- Born: United States
- Education: Yale University
- Occupation: Film producer
- Years active: 1990s–present
- Notable work: My Flesh and Blood, Afternoon Delight, Inequality for All
- Spouse: Sam Hamilton (m. 2002)
- Awards: Emmy Award for Best Documentary

= Jen Chaiken =

American film producer

Jen Chaiken is an American indie film producer. Chaiken won an Emmy award for Best Documentary for the film My Flesh and Blood.

== Early life ==
Chaiken grew up in San Leandro and Lafayette. She is a graduate of Yale University, and lived in NYC before returning to San Francisco in 1997. Chaiken's intro to the film business began as an apprenticeship in New York after she finished college. She is a partner in the California-based 72 Productions. Chaiken is gay and married to Sam Hamilton, whom she married in 2002.

== Career ==
Chaiken was a producer for the dramedy Afternoon Delight and the feature documentary Inequality for All with Robert Reich, both of which premiered in competition at the Sundance Film Festival in 2013. Afternoon Delight won the US Drama Directing Award and Inequality for All received a Special Jury Award for Achievement in Filmmaking. Along with her producing partner Sebastian Dungan, Chaiken was selected for Varietys prestigious 10 Producers to Watch 2012 list.

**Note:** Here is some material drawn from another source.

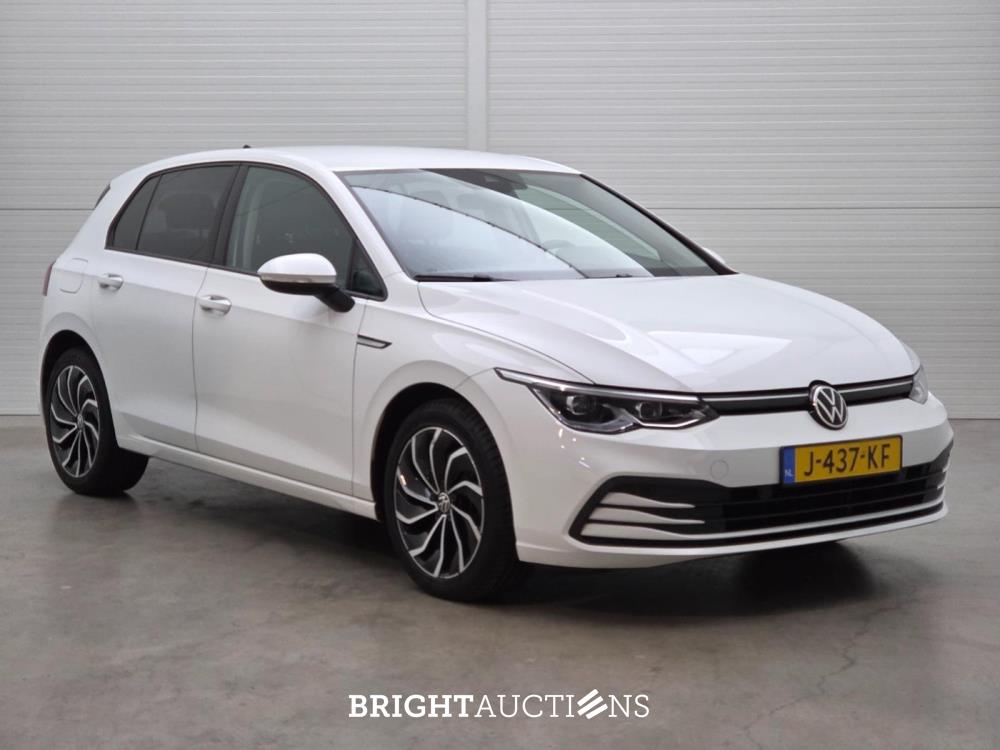 Volkswagen Golf Life 1.5 TSI 131pk 2020 (Origineel-NL), J-437-KF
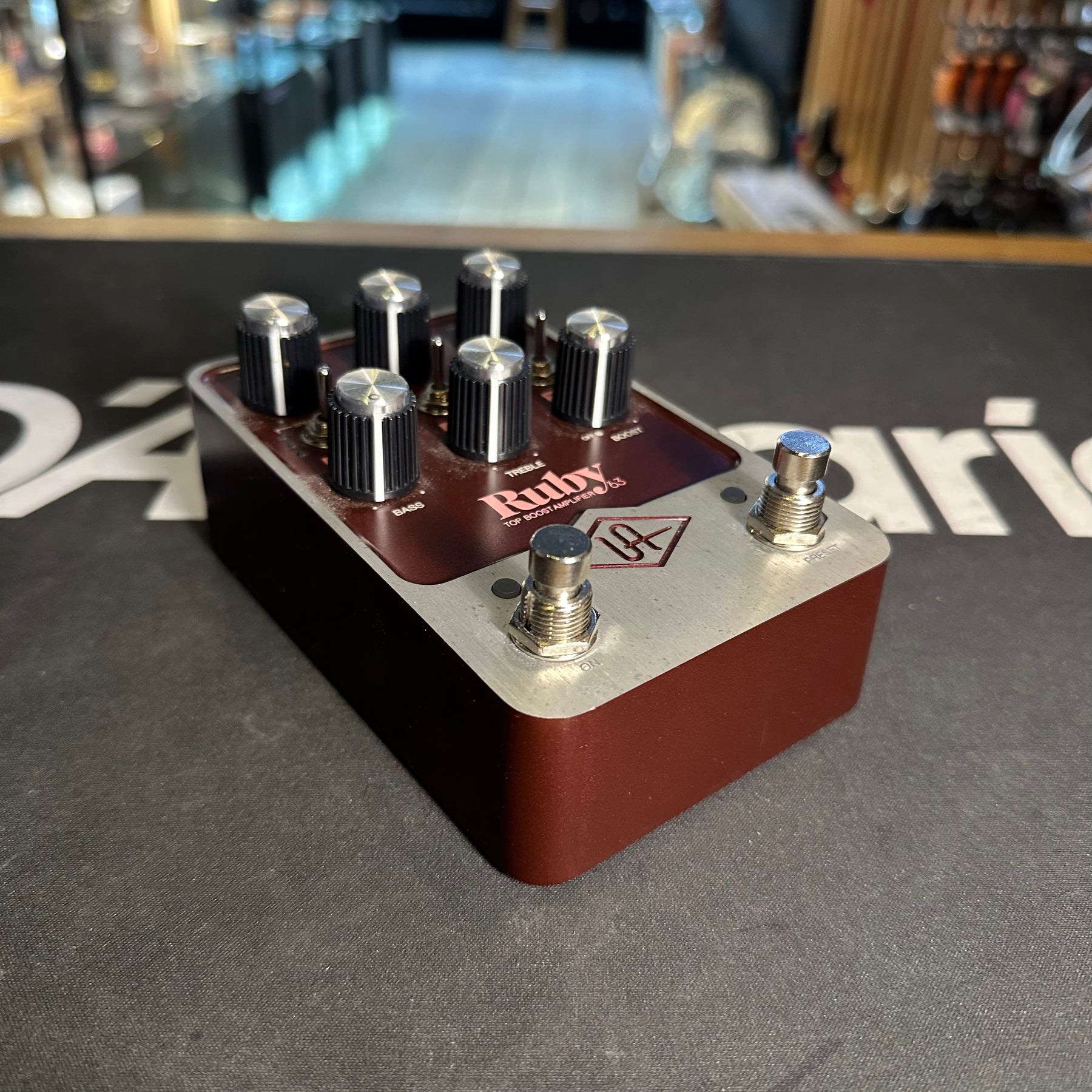 Ruby Pedal Universal Audio Ruby '63 Top Boost Amplifier Pedal - Preowned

For her work on My Flesh and Blood, Chaiken won an Emmy Award for Best Documentary following the film's Sundance wins for both the Audience and Best Director and the Audience Award and Critics Prize at the Amsterdam International Documentary Film Festival (IDFA). My Flesh and Blood was also short-listed for Academy Award consideration after its theatrical release by Strand Releasing and later broadcast as an HBO special.

Other credits for Chaiken include Tom Bezucha's first feature, Big Eden, winner of over 15 Audience Awards; the documentary feature Naked States, an HBO premiere; the HBO documentary short Positively Naked, short-listed for Academy consideration; Restaurant, starring Adrien Brody, I Love You, Don't Touch Me!, a Sundance premiere distributed by MGM; and the documentary feature Family Name, winner of the Freedom of Expression Award at Sundance and nominated for an Emmy after its broadcast on PBS.